Why aren't TCP sockets encrypted by default?

Question

I've been wondering this for as long as I've been programming, Why aren't TCP sockets encrypted by default? Everyone always says that using raw sockets is dangerous as all packets sent are susceptible to packet sniffing.

So why didn't the original implementation of TCP sockets include a basic form of encrypion. What I've noticed so far, is that most languages either don't provide a built in implementation which forces you to use a third party library or make it so hard for 'noobies' to implement SSL over all sockets, that most don't even bother to do so in the first place.

Even simple self signed certificates would suffice for the most basic form of protection, which could be abstracted away for new developers.

Answer 1

Modern networking follows the Seven-layer OSI model which is successful due to the principle of separation of concerns.

The value of separation of concerns is simplifying development and maintenance of computer programs. When concerns are well-separated, individual sections can be reused, as well as developed and updated independently. Of special value is the ability to later improve or modify one section of code without having to know the details of other sections, and without having to make corresponding changes to those sections.
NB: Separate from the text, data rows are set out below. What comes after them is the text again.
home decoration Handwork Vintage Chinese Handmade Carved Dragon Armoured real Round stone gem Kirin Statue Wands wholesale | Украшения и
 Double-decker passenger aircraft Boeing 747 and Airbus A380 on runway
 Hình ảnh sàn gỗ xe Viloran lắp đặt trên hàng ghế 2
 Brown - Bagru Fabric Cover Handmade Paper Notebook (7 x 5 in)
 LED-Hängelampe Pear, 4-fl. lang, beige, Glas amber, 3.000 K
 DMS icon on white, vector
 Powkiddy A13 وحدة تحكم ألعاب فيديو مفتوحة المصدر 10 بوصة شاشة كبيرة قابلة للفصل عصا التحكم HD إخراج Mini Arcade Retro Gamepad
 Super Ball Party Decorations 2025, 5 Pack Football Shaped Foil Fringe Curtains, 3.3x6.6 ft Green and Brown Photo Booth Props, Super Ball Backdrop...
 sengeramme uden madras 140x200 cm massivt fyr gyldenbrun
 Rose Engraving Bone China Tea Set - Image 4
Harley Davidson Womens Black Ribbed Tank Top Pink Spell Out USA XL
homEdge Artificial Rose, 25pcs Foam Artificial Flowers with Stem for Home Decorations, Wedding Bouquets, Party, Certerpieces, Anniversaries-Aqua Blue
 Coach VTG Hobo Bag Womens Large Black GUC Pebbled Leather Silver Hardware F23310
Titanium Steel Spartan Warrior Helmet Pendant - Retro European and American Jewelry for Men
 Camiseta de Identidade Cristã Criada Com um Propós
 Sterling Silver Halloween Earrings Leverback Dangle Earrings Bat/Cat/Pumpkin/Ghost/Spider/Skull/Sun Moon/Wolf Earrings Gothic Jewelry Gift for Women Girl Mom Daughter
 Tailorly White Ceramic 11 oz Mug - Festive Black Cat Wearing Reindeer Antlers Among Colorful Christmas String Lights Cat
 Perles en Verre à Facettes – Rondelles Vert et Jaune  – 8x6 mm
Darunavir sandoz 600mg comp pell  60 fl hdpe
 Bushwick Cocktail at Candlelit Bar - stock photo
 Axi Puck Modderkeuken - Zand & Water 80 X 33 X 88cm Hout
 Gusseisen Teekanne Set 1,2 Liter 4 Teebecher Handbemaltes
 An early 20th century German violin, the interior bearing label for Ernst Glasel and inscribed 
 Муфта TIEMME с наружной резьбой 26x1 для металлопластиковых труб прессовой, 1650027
TCP/IP is layer 4 ("Transport")

The transport layer provides the functional and procedural means of transferring variable-length data sequences from a source to a destination host via one or more networks, while maintaining the quality of service functions.

SSL/TLS is layer 6 ("Presentation")

This layer provides independence from data representation (e.g., encryption) by translating between application and network formats. The presentation layer transforms data into the form that the application accepts. This layer formats and encrypts data to be sent across a network. It is sometimes called the syntax layer.

In other words, it is a conscious design choice.

Also, TCP predates SSL by several decades. To wit, SLL keeps changing because weaknesses are found; meanwhile, TCP has remained mostly the same. The OSI model allows easier adoption of changes by keeping some things constant while varying others. If we built encryption into TCP, then it would be a far less stable protocol.

Answer 2

Why doesn't snail mail come with builtin encryption?

A socket is a simple concept which is used to make communication between multiple parties possible, i.e. just transfer messages. Insofar it is similar to snail mail, i.e. you have some sender and recipient and the message and you might have some minimal protection (envelope) which can easily be bypassed. Protecting communication against sniffing and tampering is a way more complex concept and which kind of protection is actually needed depends on the specific use case. For example sending messages to another process on the local system needs different protection than sending messages to another host in a local network or to some party on the other side of the planet where some of the routers in between are controlled by government organizations.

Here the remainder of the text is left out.